If the consumers fall behind and there is a risk of data expiration, then increase the retention period of the stream. By default, the retention period is 24 hours and it can be configured for up to one year. For more information about data retention periods, see Changing the data retention period.

Read throttles

Check the ReadProvisionedThroughputExceeded metric to see if there are read throttles on the stream.

Read throttles can be caused by:

  • one or more consumers breaching the 5 GetRecords calls per second limit
  • one or more consumers breaching the 1000 records per second limit
  • one or more consumers breaching the 1 MiB per second limit

For more information about read throttles on Kinesis streams, see How do I detect and troubleshoot ReadProvisionedThroughputExceeded exceptions in Kinesis Data Streams?

Lambda function error

In Amazon CloudWatch, review the Lambda functions for the stream where the IteratorAgeMilliseconds count keeps increasing.
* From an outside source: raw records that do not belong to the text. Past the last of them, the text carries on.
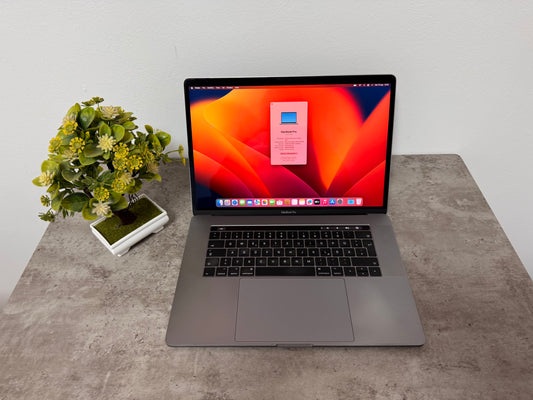 MacBook Pro (2017) [15,4", Touch Bar, Intel Core i7 2,9GHz, 16GB RAM, 512GB SSD, AMD Radeon Pro 560, macOS] grigio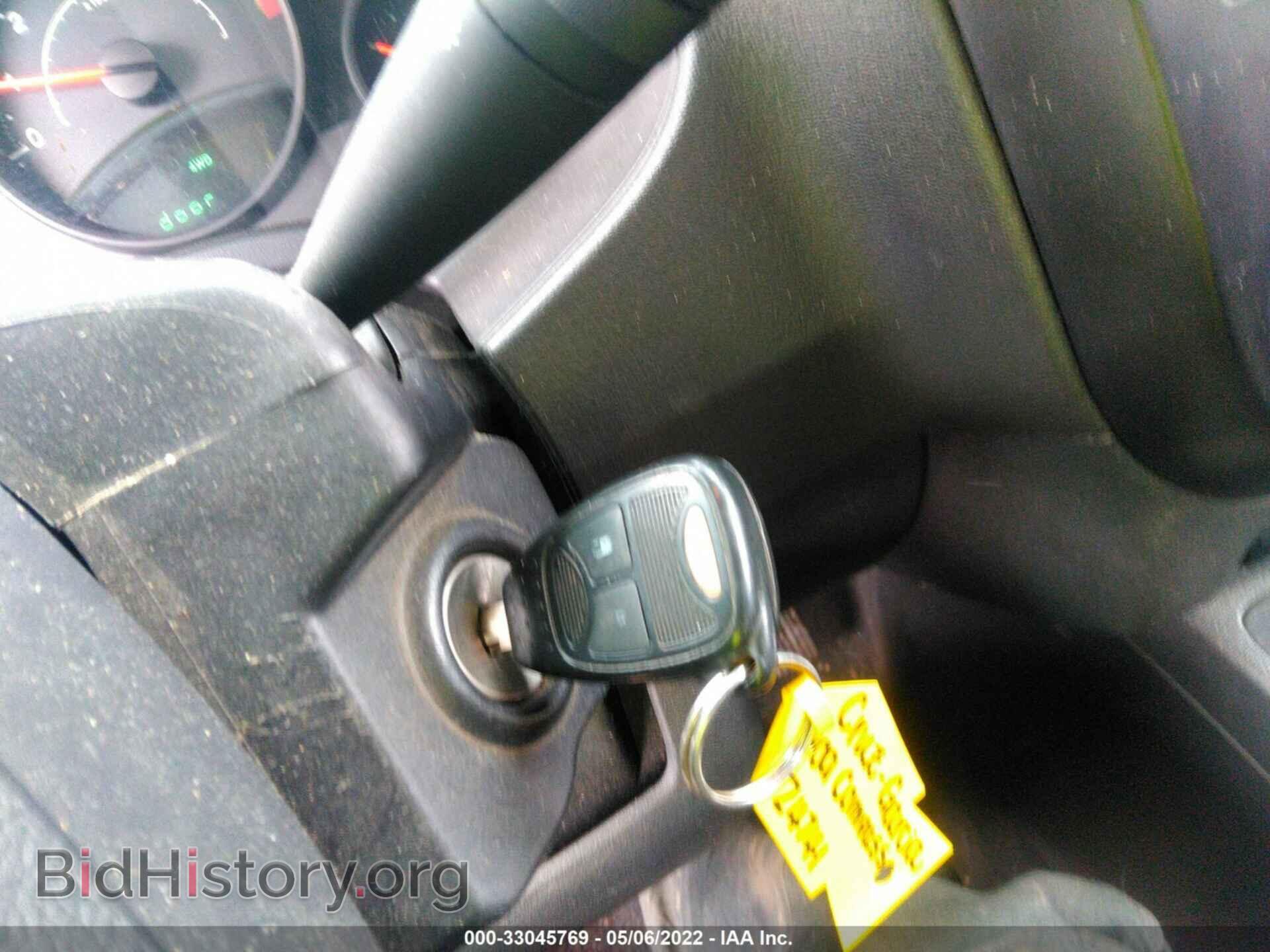 2009 JEEP COMPASS - VIN: 1J4FF47B79D184182 - Фото 11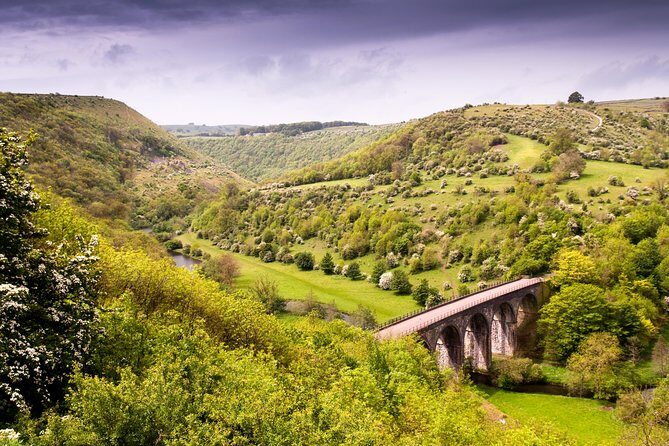 Derbyshire & the Peak District from Manchester - Who Will This Tour Suit Best?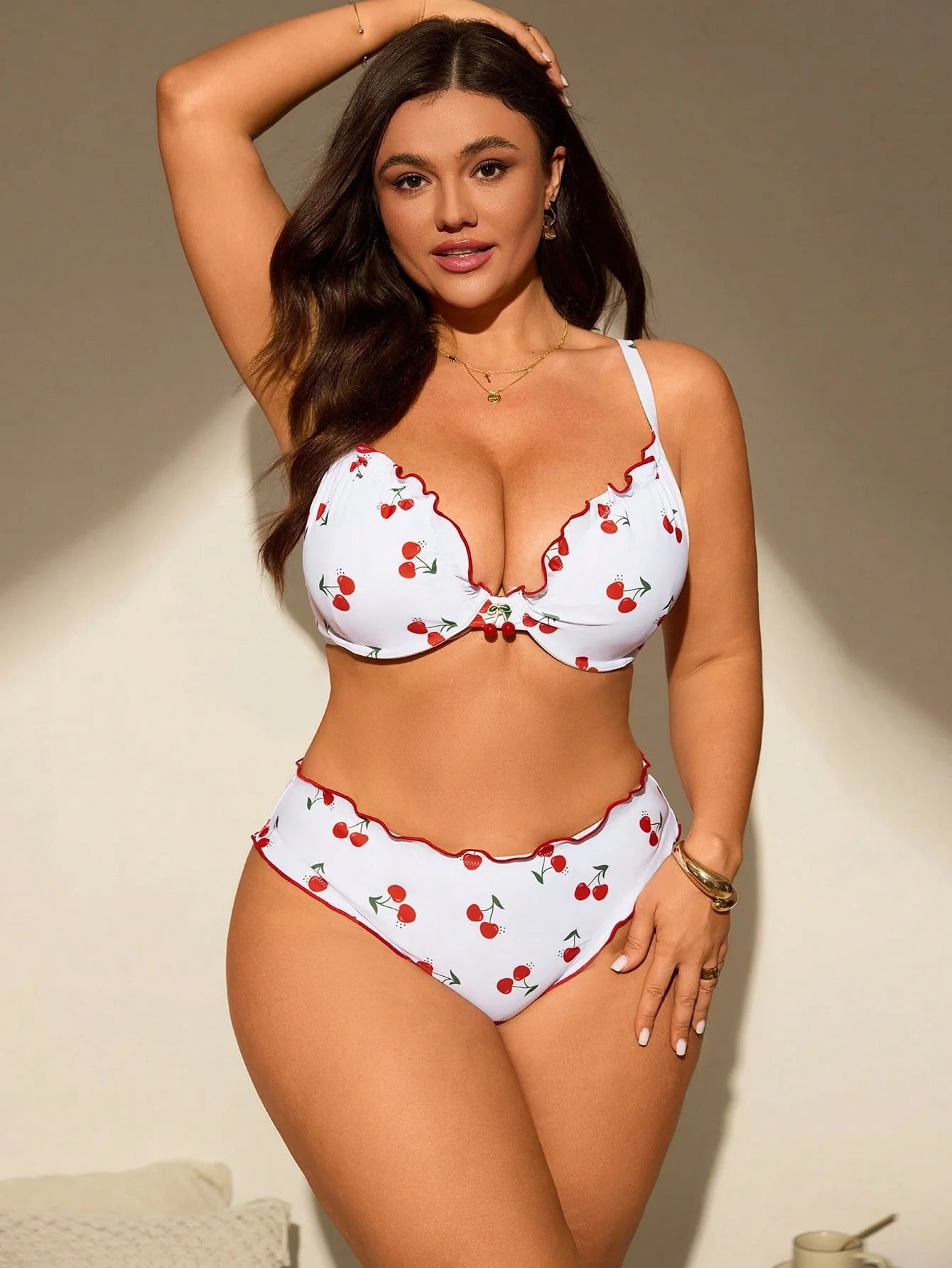 Biquíni Plus Size Decote V com Contraste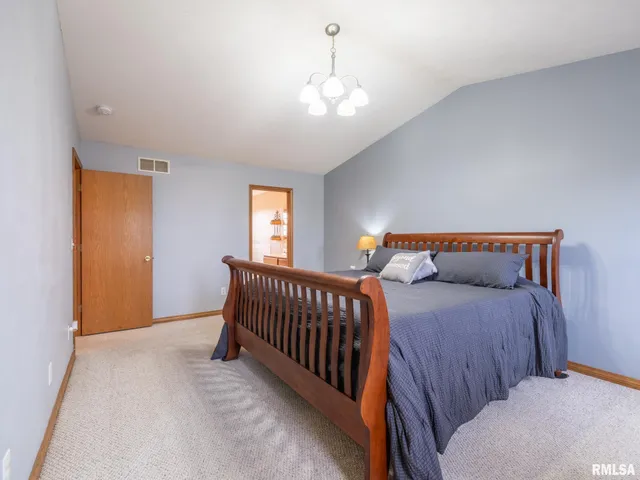 $325,000 | 2215 County Road 600 North, Secor, IL 61771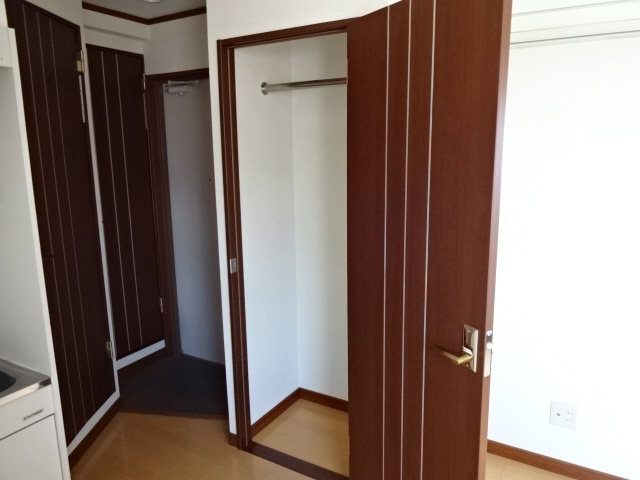 ベルフラワー岡町の収納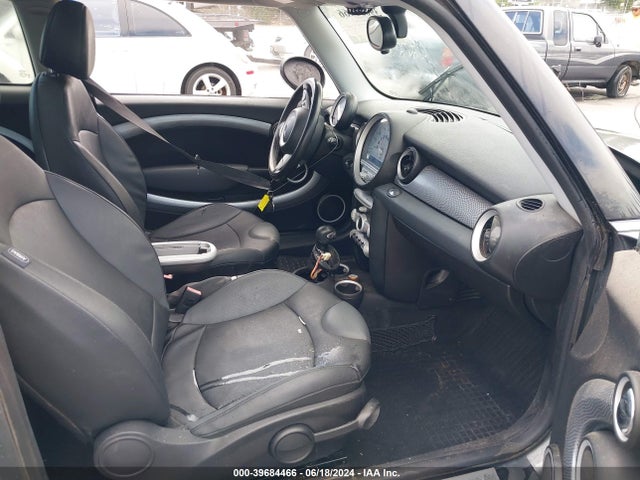 2009 MINI COOPER S CLUBMAN WMWMM33589TP91059 Photo 4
You can identify the errors that are causing an increase in the IteratorAgeMilliseconds value by reviewing the Errors summary in CloudWatch. Check to see if the timestamp of the Lambda function error matches the time of the IteratorAgeMilliseconds metric increase of your Kinesis data stream. The match in timestamp confirms the cause of the increase.

Note: A Lambda function can throw an error because it is getting retried. The Lambda function gets retried because it doesn't skip the records as a consumer of Kinesis. As these records are retried, the delays in processing are also increased. Your consumer then falls behind the stream, causing the IteratorAgeMilliseconds metric to increase.

Intermittent connection timeout

Your consumer application can experience a connection timeout issue while pulling records from the Kinesis data stream. Intermittent connection timeout errors can cause a significant increase in the IteratorAgeMilliseconds count.

To verify whether the increase is related to a connection timeout, check the GetRecords.Latency and GetRecords.Success metrics. If both metrics are also impacted, then your IteratorAgeMilliseconds count stops increasing after the connection is restored.

Uneven data distribution among shards

Some shards in your Kinesis data stream might receive more records than others because the partition key used in Put operations isn't equally distributing the data across the shards. This uneven data distribution results in fewer parallel GetRecords calls to the Kinesis data stream shards, causing an increase in the IteratorAgeMilliseconds count.

If data is unevenly distributed across the shards in your Kinesis stream, then use random partition keys. Random partition keys allow the customer applications to read records faster.